*The official service or system that delivers letters and parcels
I have been waiting ages for some items I have ordered oversee. Actually for special effects purposes this opening line stretches the period immensely. But it does feel like a long time ago compared to the previous times when I had ordered books or electronics devises from oversee and used my post box address. Usually the items will reach me in or within a month’s time. The whole waiting period back then had been normalized. What is a month if you know for sure that you will receive your items? And you find solace in the thought that your nosy neighbors won’t have an opportunity to claw and sniff at your parcel with curiosity at your apartment block before you marvel at it with bated breath prior to its ceremonious unwrapping.
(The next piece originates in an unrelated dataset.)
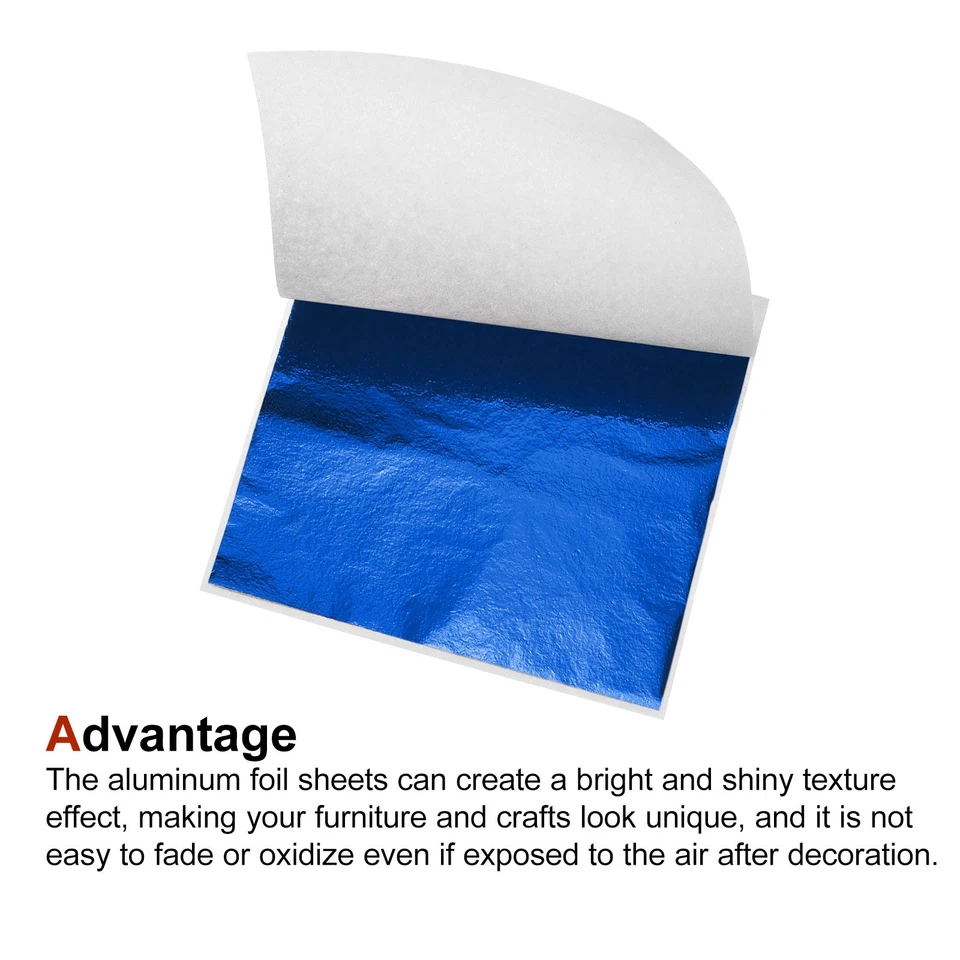 Gold Leaf Foil Sheet, Blue Leaf Papers, 3.3 Inch x 3.1 Inch 200 Pcs - image 4 of 4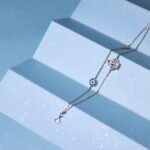 Evil Eye & Crown Dual Charm Silver Bracelet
Presently my stuff, ordered in the middle of winter, was suppose to have arrived at my clutches prior to the start of spring should there have been any delays at customs. Unfortunately they were caught in the flare up of South African Post Office employees strike when its momentum set in after simmering for a couple of years at the brim; For the long time their lot were unhappy because some of their colleagues had been casual workers for a long spell and in the spirit of solidarity they’d rather down tools than continue to serve those of us who believed in their service in order to drive a point home. This is despite the fact that we have an option of the digital age and the alternative services available out there as an alternative SAPO. If the post office was the moss code and on the other hand of the specter the SMS nestled itself comfortable we who came of age prior to the smart-phone would stick with the tried and tested, so it seemed, for our minds now gently sway elsewhere as we accept the effervescence of things.
During a walk with a friend to nowhere about a month ago something snapped when my local post office’ non appetizing architectural form reared itself in the suburbanscape. I dropped a one liner of interruption during their turn in our conversation ‘you know the post office is on strike?’ I said hoping that I would solicit an ounce of sympathy. I should’ve known better
‘Really? I don’t know when was the last time I used the post office, probably when I was in high school. We are in the age of the internet’ they bellowed somewhere in the digital realm of all things evanescent (this was a progression from the effervescence mood of my broodiness earlier on). My stomach turned in anxiety. Was I a man caught up in a malaise slush of a retardation of some sort? Was I delusional? Haunted by an anomaly where the afflicted actually is in the wrong but actually thinks everybody is missing the point.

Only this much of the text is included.